Marcel Boll (15 September 1886 – 12 August 1971) was a French scientist, sociologist, philosopher, educator, scientific journalist (journalist specializing in scientific topics), and a founding member (1930) of the Rationalist Union (French: Union rationaliste).

Boll was one of the most prolific contributors of articles to Les Cahiers Rationalistes (The Rationalist Notebooks) and Raison Présente (Reason Present), two journals published by the Rationalist Union. He was one of the main popularizers of the theory of relativity, the quantum theory, and other aspects of the physical sciences during the interwar period (1918–1939) and in the early 1950s.
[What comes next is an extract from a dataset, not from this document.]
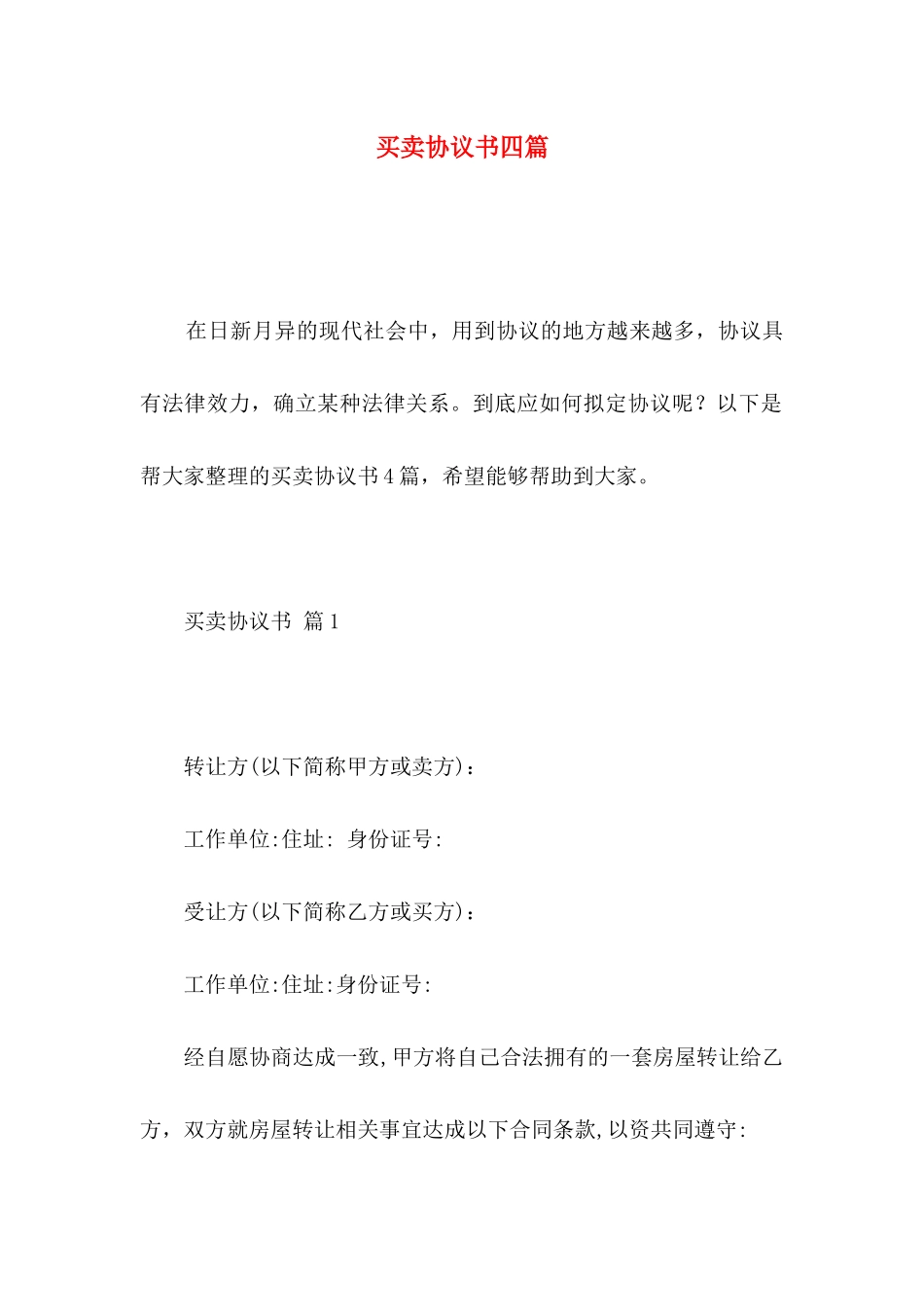 买卖协议书四篇_第1页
An advocate of neopositivism, his numerous works on physics, philosophy, sociology, education, and other subjects all reflect his neopositivist perspective. He was the first person to draw the French public's attention to the Vienna Circle (German: der Wiener Kreis). Louis Rougier (1889–1982) and Général Charles-Ernest Vouillemin (1865–1954) later joined Boll in being among the first to introduce and promote the Vienna Circle and its overall philosophical outlook (logical positivism) in France.

==Life and work==
Boll was born and died in Paris. He was a son of a councilor of the Council of Paris. In 1910 Marcel was approved to sit for the examination known as the Agrégation de sciences physiques at the ESPCI Paris (Higher School of Industrial Physics and Chemistry of the City of Paris), in which examination he scored in 11th place. In 1914 he graduated from ESPCI Paris with a Doctorate in physical sciences, his doctoral thesis being titled Recherches sur l'évolution photochimique des électrolytes (1914) (Research on the Photochemical Evolution of Electrolytes). He then found employment as an engineer at ESPCI Paris, where he advanced his career, receiving 23 promotions during his time there. Later he became Professor of Chemistry and Electricity at HEC Paris (École des Hautes Etudes Commerciales de Paris).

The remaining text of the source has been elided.